Grievance Resolution Software
Grievance resolution software is used in various sectors or industries. Various software developers have created grievance resolution systems for specific industries or for general applications. These software can be local or web-based. They can also used on desktop/laptop computers and on mobile devices. The grievance resolution that is to be implemented for AMIR is expected to be web-based and can be used on desktop and mobile devices.
AMIR’s planned grievance resolution platform works by providing an interface for customers through which they can enter their information (name, contact details, SACCO branch, etc) and their complaints. SACCO is an acronym for Savings and Credit Co-Operative.
The platform will include a toll free number that will allow customers to make a call to register their complaints. Additionally, The it will include the contact details of different SACCO managers. As soon as complaints are received, the system will inform the concerned SACCO managers about them. A request will then be made for them to find the proper solution or to take the right course of action to promptly address grievances.
If customers’ complaints are not addressed as how they should be addressed, AMIR will forward them to the central bank as well as to the Rwanda Cooperative Agency for appropriate action.
Implementation and Expectations
The software will be set up in conjunction with the Small Enterprise Education and Promotion Network (SEEP).

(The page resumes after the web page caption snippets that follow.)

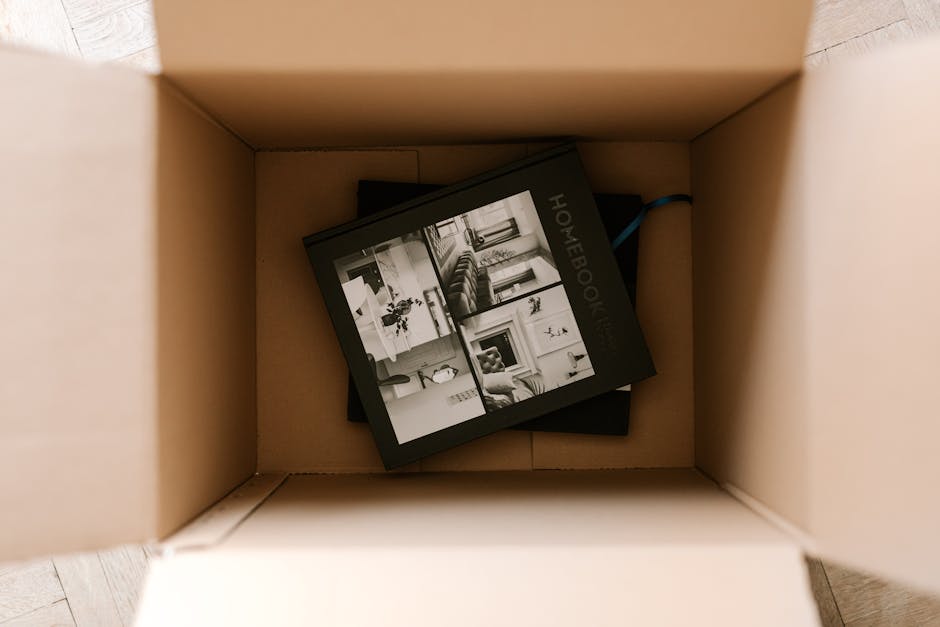 A man and woman inside a bright room with white walls and a large arched window in the background, posing with flexed arms near a medium-sized cardboard moving box labeled with room details and volume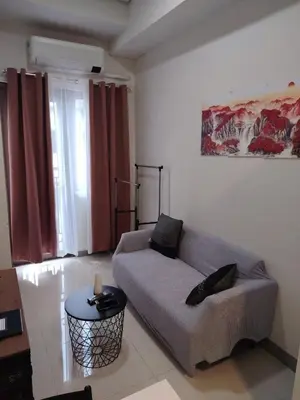 a living room with a couch and a table at Good Luck House at S RESIDENCES in Manila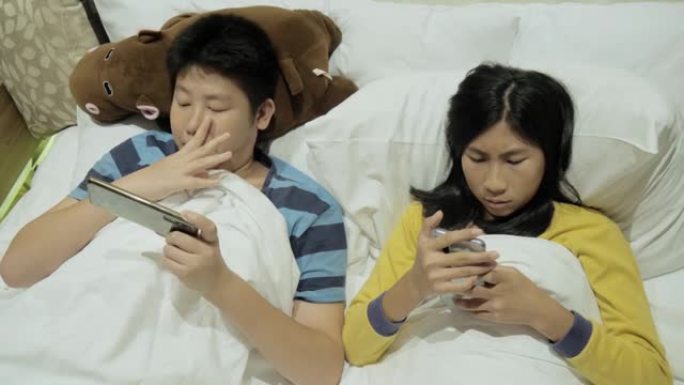 快乐的亚洲儿童在假期期间在酒店房间的床上一起玩网络游戏，生活方式理念。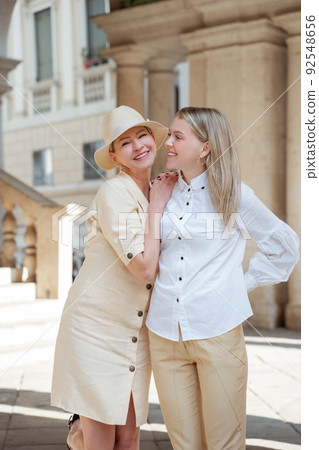 Pleased lady posing for the camera with her daughter Pleased lady posing for the camera with her daughter 92548656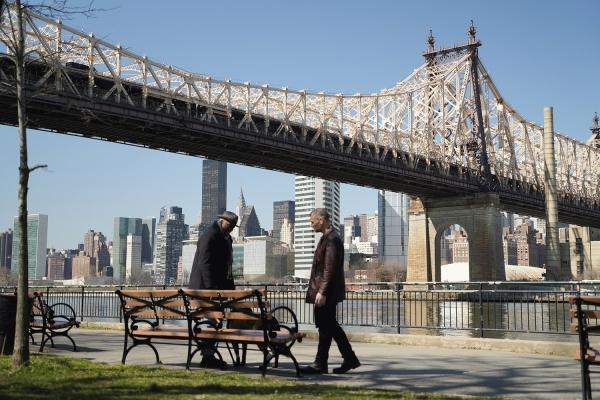 Zwei Männer unter einer Brücke mit Skyline im Hintergrund.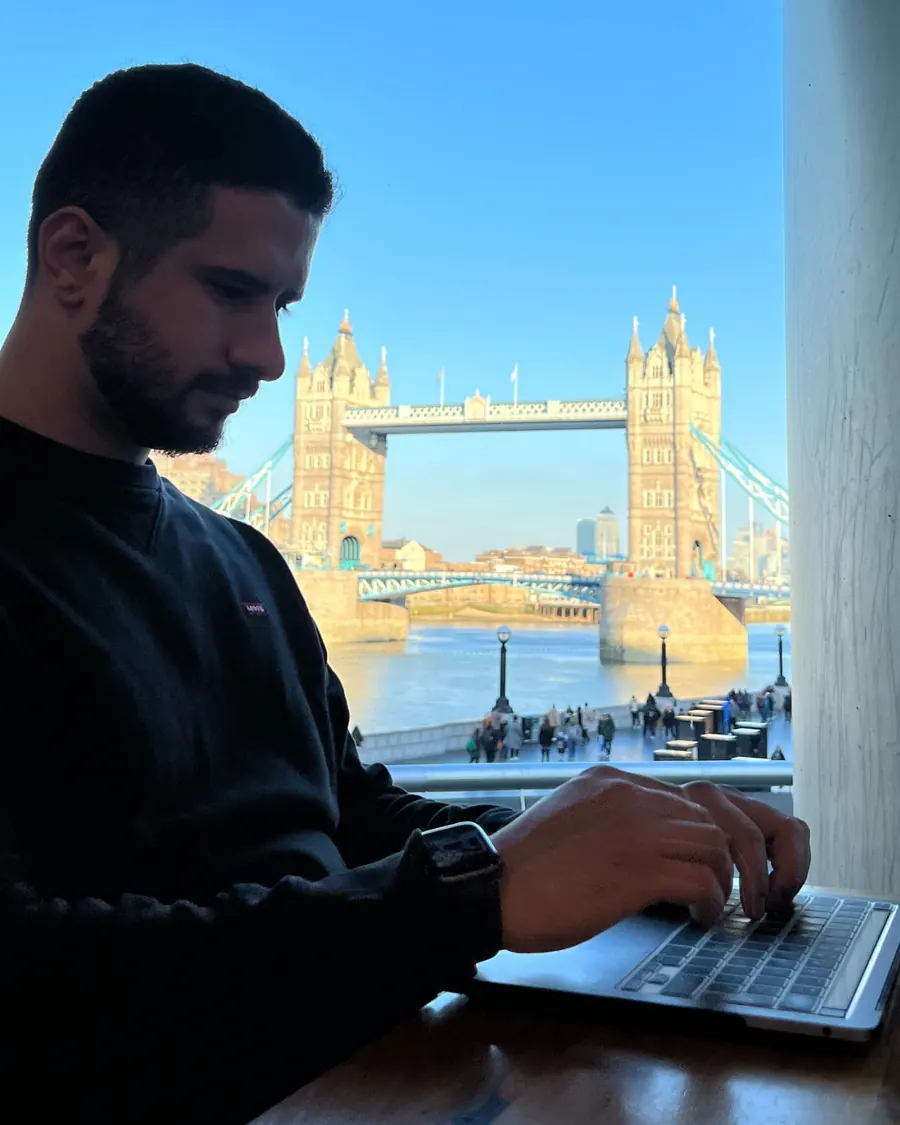 Lucas in profile working on a laptop in front of Tower Bridge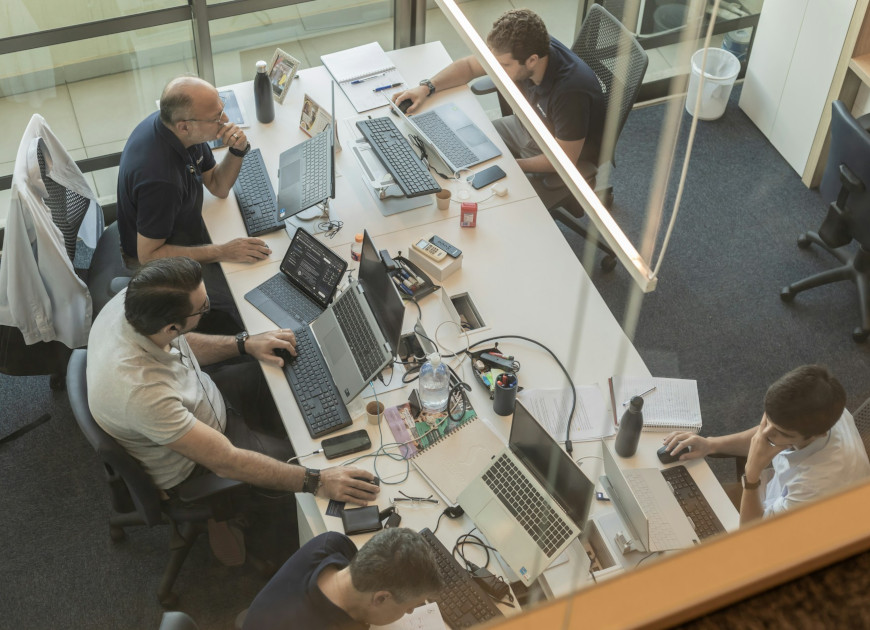 Four people working at desks in a modern office.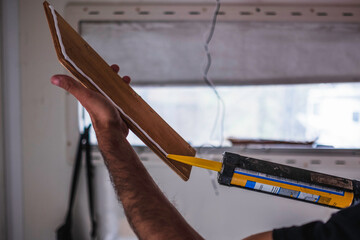 white Caucasian man applying universal mounting glue on timbers for the interior of his motor home. Mobile home repair.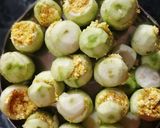 A picture of step 7 of Tinde(apple gaurd)with paneer stuffing.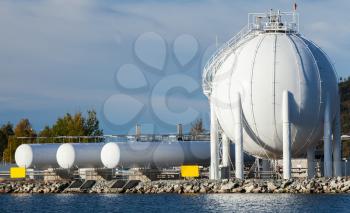 Modern white spherical gas holder stands on sea coast near Trondheim airport, close-up photo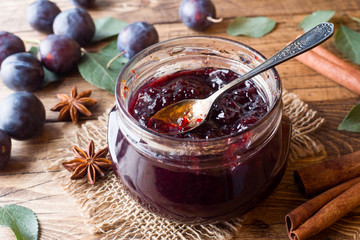 Plum jam in a glass jar. Fresh plum fruit on a wooden table. - obrazy, fototapety, plakaty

It is expected to go live or become fully functional on March 22. Straton Habyalimana, SEEP senior program manager, said that the planned grievance platform will be useful for the collection, storage, analysis, and feedback functions of microfinance companies.
AMIR membership and communications officer Felibien Hirwa expressed optimism over the implementation of the software. Citing the growing number of customer grievances at the different SACCOs, he said there’s a need for an effective and efficient mechanism to deal with the challenges. Hirwa said that they conducted a field survey a year ago, wherein their learned that it is important to set up a well-established mechanism to handle the different issues encountered in the microfinance sector. This is why they (AMIR) decided to adopt a technological system.
Microfinance companies in Rwanda are largely still using traditional systems in collecting and responding to customer complaints. This is mainly through suggestion boxes, complaints raised during general meetings, and letters to authorities. The decision to use modern technology to supplant traditional systems is but a welcome development.
Other Technologies to Be Implemented
AMIR has not mentioned other technologies they are planning to make use of. However, the web-based grievance resolution system is most likely not going to be the only technology AMIR and microfinance companies in Rwanda are going to adopt.
There’s a compelling need to make financial services more accessible to people in Rwanda. It’s an excellent start making the microfinance sector more efficient with the help of technology. This is in line with what is happening in other developing countries.
Microfinance-advocating entrepreneur Sharone Perlstein explains that microfinance helps low incomeindividuals in becoming successful business owners. Even though the amount microfinance can lend to a client in a rural area is lower than the amount extended to city dwellers, the impacts of these loaned amounts are comparable. Microfinance loans may be relatively small but they are designed to adequately address the funding needs of a specific group of prospective borrowers.
These prospective borrowers who usually live in rural areas mostly don’t have access to conventional financial services. This is because they are physically far from the providers of conventional financial services and also because they usually don’t easily qualify or are unable to comply with the requirements set by financial service companies. Microfinance fill this need and with the help of technology, microfinance services become better and more accessible.
The grievance resolution software mentioned above is just one of the many technologies that can improve microfinance. It is an excellent way to help potential microfinance clients in better understanding and accessing microfinance services. Likewise, it helps relieve the hesitation of those who find it difficult, complicated, and cumbersome dealing with financial service providers.